> **PROBLEM**
Return the run of lines below that opens with the line containing "Dolce & Gabbana" and closes with the line containing "Thick Glass Soap", keeping each one exact.

___ MATERIAL SHOWN ___

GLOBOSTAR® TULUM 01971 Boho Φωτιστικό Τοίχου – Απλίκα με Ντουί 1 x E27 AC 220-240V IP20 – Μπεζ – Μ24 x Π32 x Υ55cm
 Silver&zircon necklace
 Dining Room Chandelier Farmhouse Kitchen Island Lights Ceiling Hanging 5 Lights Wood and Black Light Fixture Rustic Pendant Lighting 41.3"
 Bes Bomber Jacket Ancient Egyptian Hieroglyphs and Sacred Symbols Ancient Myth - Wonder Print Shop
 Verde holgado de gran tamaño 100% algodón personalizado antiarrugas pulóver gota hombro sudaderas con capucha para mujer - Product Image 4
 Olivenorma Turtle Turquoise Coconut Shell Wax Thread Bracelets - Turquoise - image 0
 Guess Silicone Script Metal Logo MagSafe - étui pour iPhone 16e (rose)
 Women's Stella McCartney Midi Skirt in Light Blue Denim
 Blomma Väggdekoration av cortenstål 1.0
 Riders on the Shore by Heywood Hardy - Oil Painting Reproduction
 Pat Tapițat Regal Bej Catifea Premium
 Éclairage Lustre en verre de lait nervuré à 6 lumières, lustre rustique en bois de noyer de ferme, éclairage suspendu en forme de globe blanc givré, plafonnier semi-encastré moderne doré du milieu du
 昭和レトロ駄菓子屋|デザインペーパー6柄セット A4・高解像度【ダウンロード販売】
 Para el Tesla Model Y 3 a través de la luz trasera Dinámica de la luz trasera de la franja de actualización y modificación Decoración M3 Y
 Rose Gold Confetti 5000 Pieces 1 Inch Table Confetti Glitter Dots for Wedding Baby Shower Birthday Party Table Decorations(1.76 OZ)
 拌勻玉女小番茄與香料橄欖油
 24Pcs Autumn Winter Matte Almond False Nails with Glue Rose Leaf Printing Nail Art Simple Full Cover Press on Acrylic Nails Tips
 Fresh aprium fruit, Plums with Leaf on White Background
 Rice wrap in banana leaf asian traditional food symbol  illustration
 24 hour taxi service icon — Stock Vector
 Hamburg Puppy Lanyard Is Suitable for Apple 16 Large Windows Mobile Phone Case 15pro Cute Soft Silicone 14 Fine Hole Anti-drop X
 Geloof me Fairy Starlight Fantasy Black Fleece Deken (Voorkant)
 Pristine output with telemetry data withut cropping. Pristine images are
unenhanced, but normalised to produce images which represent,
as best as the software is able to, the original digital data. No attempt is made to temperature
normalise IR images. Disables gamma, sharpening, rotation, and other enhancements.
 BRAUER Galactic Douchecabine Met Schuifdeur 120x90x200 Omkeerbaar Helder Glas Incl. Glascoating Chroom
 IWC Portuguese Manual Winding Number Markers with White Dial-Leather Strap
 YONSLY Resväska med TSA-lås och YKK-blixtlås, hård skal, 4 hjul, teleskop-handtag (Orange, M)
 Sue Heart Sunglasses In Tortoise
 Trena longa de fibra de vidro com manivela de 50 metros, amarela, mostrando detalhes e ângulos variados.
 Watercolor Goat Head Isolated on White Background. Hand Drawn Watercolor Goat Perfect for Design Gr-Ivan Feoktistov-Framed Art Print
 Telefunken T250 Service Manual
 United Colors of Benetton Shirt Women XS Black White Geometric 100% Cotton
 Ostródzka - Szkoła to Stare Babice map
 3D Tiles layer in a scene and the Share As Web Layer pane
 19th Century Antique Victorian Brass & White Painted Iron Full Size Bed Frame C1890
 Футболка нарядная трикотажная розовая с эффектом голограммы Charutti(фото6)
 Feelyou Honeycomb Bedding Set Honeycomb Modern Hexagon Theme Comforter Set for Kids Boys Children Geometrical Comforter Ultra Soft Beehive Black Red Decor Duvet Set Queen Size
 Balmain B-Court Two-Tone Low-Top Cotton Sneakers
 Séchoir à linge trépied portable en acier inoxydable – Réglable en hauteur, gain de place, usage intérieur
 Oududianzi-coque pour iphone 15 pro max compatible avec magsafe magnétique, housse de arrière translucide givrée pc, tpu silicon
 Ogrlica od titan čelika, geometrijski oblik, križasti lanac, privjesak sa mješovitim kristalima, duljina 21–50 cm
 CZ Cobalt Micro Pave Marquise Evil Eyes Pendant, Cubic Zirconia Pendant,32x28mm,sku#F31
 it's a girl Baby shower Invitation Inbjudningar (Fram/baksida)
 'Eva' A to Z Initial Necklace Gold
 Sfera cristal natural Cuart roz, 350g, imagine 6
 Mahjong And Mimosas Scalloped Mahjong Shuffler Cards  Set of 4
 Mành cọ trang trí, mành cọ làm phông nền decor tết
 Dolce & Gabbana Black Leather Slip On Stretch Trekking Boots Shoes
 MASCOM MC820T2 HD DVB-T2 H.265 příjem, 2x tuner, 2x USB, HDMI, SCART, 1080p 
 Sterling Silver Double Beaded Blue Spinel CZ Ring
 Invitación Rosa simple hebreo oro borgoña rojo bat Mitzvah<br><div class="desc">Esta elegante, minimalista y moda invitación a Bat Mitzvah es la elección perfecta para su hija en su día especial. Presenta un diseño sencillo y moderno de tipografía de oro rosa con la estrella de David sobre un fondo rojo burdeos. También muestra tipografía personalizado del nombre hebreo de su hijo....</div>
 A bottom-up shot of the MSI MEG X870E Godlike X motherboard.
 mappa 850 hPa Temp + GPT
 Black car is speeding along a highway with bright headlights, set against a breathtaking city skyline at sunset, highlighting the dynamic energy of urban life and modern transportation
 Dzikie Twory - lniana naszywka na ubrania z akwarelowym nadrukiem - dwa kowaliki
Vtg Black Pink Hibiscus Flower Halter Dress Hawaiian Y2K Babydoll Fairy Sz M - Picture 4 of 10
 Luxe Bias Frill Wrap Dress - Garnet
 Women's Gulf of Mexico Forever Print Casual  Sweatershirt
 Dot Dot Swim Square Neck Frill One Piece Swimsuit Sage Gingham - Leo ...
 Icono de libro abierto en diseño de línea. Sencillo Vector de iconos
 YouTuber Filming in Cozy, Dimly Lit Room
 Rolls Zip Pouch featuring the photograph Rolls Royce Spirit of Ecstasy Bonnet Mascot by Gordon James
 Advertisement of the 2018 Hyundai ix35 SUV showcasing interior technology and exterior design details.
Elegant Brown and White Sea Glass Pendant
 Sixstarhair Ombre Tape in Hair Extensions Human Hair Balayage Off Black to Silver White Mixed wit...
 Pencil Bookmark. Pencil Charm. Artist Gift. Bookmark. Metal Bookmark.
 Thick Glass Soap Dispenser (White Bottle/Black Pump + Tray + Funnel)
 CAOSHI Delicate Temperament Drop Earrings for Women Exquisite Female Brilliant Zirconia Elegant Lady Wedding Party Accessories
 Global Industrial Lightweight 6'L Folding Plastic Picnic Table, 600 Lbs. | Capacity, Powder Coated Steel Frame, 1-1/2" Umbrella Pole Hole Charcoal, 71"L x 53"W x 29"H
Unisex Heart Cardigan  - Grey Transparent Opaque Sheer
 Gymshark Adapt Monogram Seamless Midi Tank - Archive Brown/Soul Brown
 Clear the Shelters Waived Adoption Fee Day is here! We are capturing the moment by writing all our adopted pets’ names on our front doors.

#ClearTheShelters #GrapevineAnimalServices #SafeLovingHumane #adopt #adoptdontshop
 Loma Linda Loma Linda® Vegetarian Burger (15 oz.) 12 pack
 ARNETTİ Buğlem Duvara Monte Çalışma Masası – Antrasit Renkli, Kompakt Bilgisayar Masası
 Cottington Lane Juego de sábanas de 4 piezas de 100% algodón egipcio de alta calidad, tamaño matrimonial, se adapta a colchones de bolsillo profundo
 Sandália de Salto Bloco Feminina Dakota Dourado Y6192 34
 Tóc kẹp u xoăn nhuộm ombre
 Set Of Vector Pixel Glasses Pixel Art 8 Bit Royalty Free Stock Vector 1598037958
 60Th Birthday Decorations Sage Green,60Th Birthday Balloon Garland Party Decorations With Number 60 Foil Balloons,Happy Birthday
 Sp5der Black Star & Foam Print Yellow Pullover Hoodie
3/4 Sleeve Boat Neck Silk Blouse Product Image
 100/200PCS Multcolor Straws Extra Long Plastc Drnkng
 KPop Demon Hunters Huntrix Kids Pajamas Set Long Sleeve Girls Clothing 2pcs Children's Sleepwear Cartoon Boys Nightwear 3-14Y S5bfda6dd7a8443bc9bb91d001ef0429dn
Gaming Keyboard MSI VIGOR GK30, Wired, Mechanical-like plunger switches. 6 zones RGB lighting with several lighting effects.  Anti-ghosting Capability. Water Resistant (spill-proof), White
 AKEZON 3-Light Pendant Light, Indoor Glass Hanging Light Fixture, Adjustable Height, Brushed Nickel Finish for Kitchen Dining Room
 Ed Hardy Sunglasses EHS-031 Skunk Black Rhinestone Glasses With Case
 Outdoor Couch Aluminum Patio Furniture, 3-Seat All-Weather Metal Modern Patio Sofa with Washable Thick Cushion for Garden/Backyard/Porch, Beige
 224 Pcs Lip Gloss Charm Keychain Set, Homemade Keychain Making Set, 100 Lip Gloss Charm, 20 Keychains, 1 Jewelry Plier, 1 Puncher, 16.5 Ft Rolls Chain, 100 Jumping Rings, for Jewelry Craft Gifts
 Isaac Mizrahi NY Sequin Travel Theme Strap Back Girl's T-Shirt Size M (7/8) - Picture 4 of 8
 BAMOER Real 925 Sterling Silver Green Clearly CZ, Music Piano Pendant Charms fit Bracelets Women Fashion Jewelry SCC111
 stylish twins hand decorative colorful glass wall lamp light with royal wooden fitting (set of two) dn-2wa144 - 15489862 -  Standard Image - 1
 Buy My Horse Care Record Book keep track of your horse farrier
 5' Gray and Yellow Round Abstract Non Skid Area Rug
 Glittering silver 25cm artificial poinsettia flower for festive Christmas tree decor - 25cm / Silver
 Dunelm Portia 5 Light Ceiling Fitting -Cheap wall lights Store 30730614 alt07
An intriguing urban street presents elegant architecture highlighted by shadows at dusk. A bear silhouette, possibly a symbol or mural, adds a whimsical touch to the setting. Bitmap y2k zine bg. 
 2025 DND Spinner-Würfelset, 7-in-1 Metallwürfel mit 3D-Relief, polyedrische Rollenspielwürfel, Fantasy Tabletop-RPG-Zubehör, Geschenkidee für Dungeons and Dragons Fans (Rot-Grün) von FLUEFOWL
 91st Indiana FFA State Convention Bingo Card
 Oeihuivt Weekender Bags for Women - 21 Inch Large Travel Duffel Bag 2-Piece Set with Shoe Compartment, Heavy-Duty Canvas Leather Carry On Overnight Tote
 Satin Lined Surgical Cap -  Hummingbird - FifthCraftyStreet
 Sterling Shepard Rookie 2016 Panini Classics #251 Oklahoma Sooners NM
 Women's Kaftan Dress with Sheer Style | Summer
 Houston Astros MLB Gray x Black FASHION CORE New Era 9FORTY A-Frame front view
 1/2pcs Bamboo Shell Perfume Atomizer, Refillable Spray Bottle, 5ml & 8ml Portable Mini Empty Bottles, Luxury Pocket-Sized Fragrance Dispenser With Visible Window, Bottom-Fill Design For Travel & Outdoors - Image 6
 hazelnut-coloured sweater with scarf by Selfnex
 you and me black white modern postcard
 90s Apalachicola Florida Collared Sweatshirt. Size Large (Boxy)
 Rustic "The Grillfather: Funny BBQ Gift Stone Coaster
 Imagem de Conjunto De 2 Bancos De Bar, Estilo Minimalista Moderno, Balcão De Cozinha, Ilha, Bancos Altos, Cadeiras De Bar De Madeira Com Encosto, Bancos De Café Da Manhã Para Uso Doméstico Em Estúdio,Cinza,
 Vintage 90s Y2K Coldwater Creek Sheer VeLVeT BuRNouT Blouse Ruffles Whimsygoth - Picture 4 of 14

___

> **EXERCISE SOLUTION**
 Dolce & Gabbana Black Leather Slip On Stretch Trekking Boots Shoes
 MASCOM MC820T2 HD DVB-T2 H.265 příjem, 2x tuner, 2x USB, HDMI, SCART, 1080p 
 Sterling Silver Double Beaded Blue Spinel CZ Ring
 Invitación Rosa simple hebreo oro borgoña rojo bat Mitzvah<br><div class="desc">Esta elegante, minimalista y moda invitación a Bat Mitzvah es la elección perfecta para su hija en su día especial. Presenta un diseño sencillo y moderno de tipografía de oro rosa con la estrella de David sobre un fondo rojo burdeos. También muestra tipografía personalizado del nombre hebreo de su hijo....</div>
 A bottom-up shot of the MSI MEG X870E Godlike X motherboard.
 mappa 850 hPa Temp + GPT
 Black car is speeding along a highway with bright headlights, set against a breathtaking city skyline at sunset, highlighting the dynamic energy of urban life and modern transportation
 Dzikie Twory - lniana naszywka na ubrania z akwarelowym nadrukiem - dwa kowaliki
Vtg Black Pink Hibiscus Flower Halter Dress Hawaiian Y2K Babydoll Fairy Sz M - Picture 4 of 10
 Luxe Bias Frill Wrap Dress - Garnet
 Women's Gulf of Mexico Forever Print Casual  Sweatershirt
 Dot Dot Swim Square Neck Frill One Piece Swimsuit Sage Gingham - Leo ...
 Icono de libro abierto en diseño de línea. Sencillo Vector de iconos
 YouTuber Filming in Cozy, Dimly Lit Room
 Rolls Zip Pouch featuring the photograph Rolls Royce Spirit of Ecstasy Bonnet Mascot by Gordon James
 Advertisement of the 2018 Hyundai ix35 SUV showcasing interior technology and exterior design details.
Elegant Brown and White Sea Glass Pendant
 Sixstarhair Ombre Tape in Hair Extensions Human Hair Balayage Off Black to Silver White Mixed wit...
 Pencil Bookmark. Pencil Charm. Artist Gift. Bookmark. Metal Bookmark.
 Thick Glass Soap Dispenser (White Bottle/Black Pump + Tray + Funnel)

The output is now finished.